A segnalare il gioco delle tre carte pensa la Cgil: “Nel Def da una parte si ammette che il governo ha sottovalutato prima i rischi e oggi la realtà della deflazione – osserva il segretario ‘macroeconomico’ Danilo Barbi – dall’altra che ha sopravvalutato l’effetto economico delle cosiddette riforme strutturali, sia del governo Monti che dell’attuale. Poi però si lasciano sostanzialmente le cose come prima. Si prevede, infatti, di ridurre sia la spesa che gli investimenti pubblici per i prossimi anni, sostenendo però che aumenteranno, non si capisce perché, gli investimenti privati nonostante che i consumi non ripartiranno”.

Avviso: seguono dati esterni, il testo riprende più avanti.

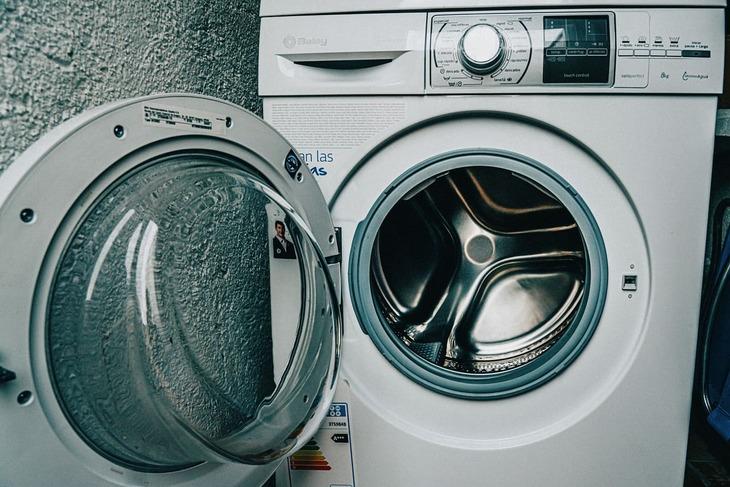 Можно ли стирать кожаную куртку в стиральной машине: советы и нюансы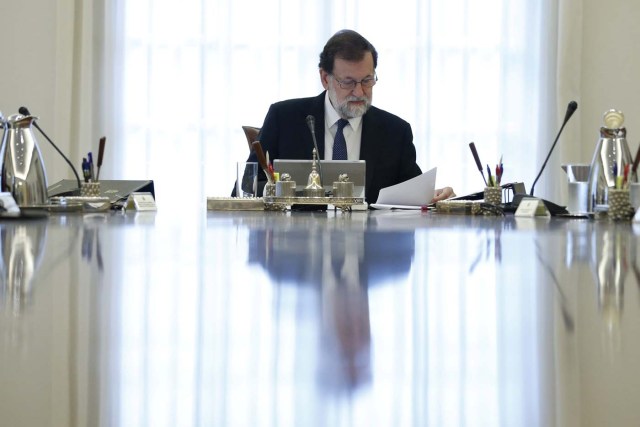 Spain's Prime Minister Mariano Rajoy heads a special cabinet meeting at the Moncloa Palace in Madrid, Spain, October 21, 2017. REUTERS/Juan Carlos Hidalgo/Pool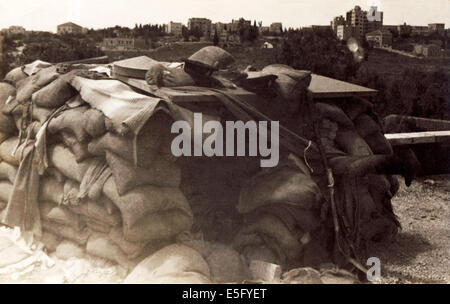 Foto di Bren post dalla collezione di Geoffrey R. Haworth, del mandato britannico la polizia quando la Gran Bretagna è stato coinvolto in Palestina nel 1947 1948 KATHY DEWITT Foto Stock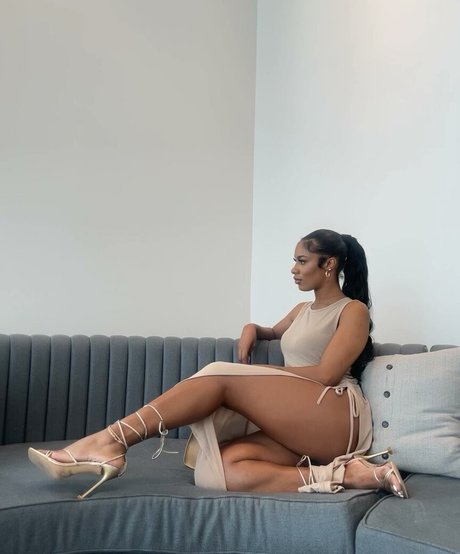 Thatgirl neya exclusive star pics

La chiave di lettura dell’apparente controsenso è presto detta: “Tutto diventa chiaro nelle previsioni dell’occupazione del futuro – sottolinea Barbi – perché il governo continua per un verso a sopravvalutare la crescita prossima, con una progressione del Pil che è calcolata in +0,6% nel 2015, +1% nel 2016, +1,3% nel 2017, e +1,4% nel 2018. Quando però si arriva alle ipotesi dell’occupazione, nonostante questo ottimismo ingiustificato si prevede comunque una disoccupazione al 2018 pari all’11,2%, con quella giovanile che corrisponde al 40%. Il governo quindi sta pensando che la disoccupazione rimarrà altissima per diversi anni”.

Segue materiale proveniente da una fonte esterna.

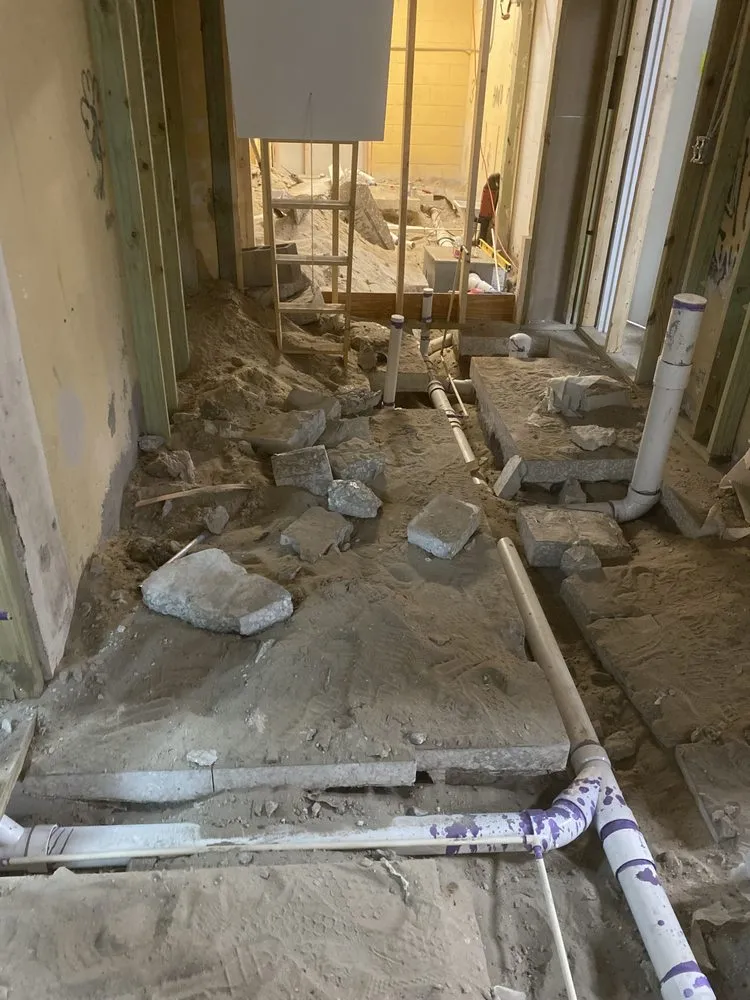 Licensed electrician providing lighting installation in , 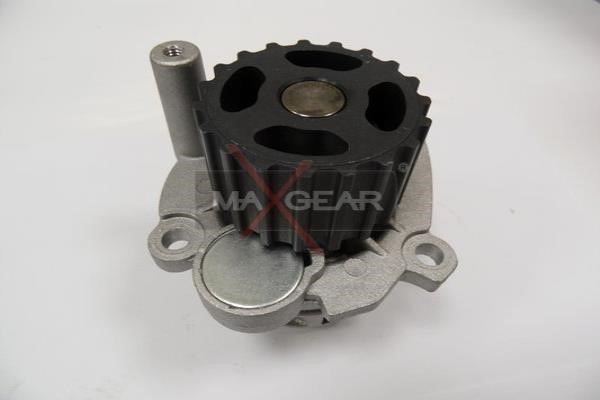 Water Pump, engine cooling MAXGEAR 470088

Quasi inutile osservare che, a fronte delle ricette proposte dalla Cgil (“Un piano straordinario di creazione di lavoro finanziato da una patrimoniale sulle ricchezze finanziarie, e parallelamente investimenti pubblici per una nuova politica industriale”), Matteo Renzi guarda in tutt’altra direzione. A Londra il presidente del consiglio italiano si esibisce in uno dei suoi classici giochi di parole, facendo sapere che ammira la presa di posizione francese sullo sforamento del rapporto deficit/pil (“sto dalla parte di François Hollande e Manuel Valls”), ma sottolineando al tempo stesso che l’Italia è uno scolaro diligente che fa i compiti a casa: “Noi rispettiamo i limiti che ci siamo dati del 3%”.

La trasferta inglese di Renzi diventa illuminante quando il premier italiano prima ribadisce la necessità della riforma del lavoro, e poi in visita alla City fa appello alle multinazionali perché investano in Italia. Sul lavoro infatti il Def pone grandi aspettative: le riforme programmate dal governo nel 2012-14, secondo il documento, avranno un immediato effetto sul Pil di 0,4 punti, per poi salire a 3,4 maggiori punti di sviluppo nel 2020 e arrivare a 8,1 maggiori punti di crescita nel lungo periodo. Con il modello “flessibile”, va da sé, su cui il governo punta le sue carte. Anche con la classica foglia di fico a coprirne le vergogne: “La rete di ammortizzatori sociali – assicura il ministro Padoan – verrà rafforzata e resa più inclusiva”.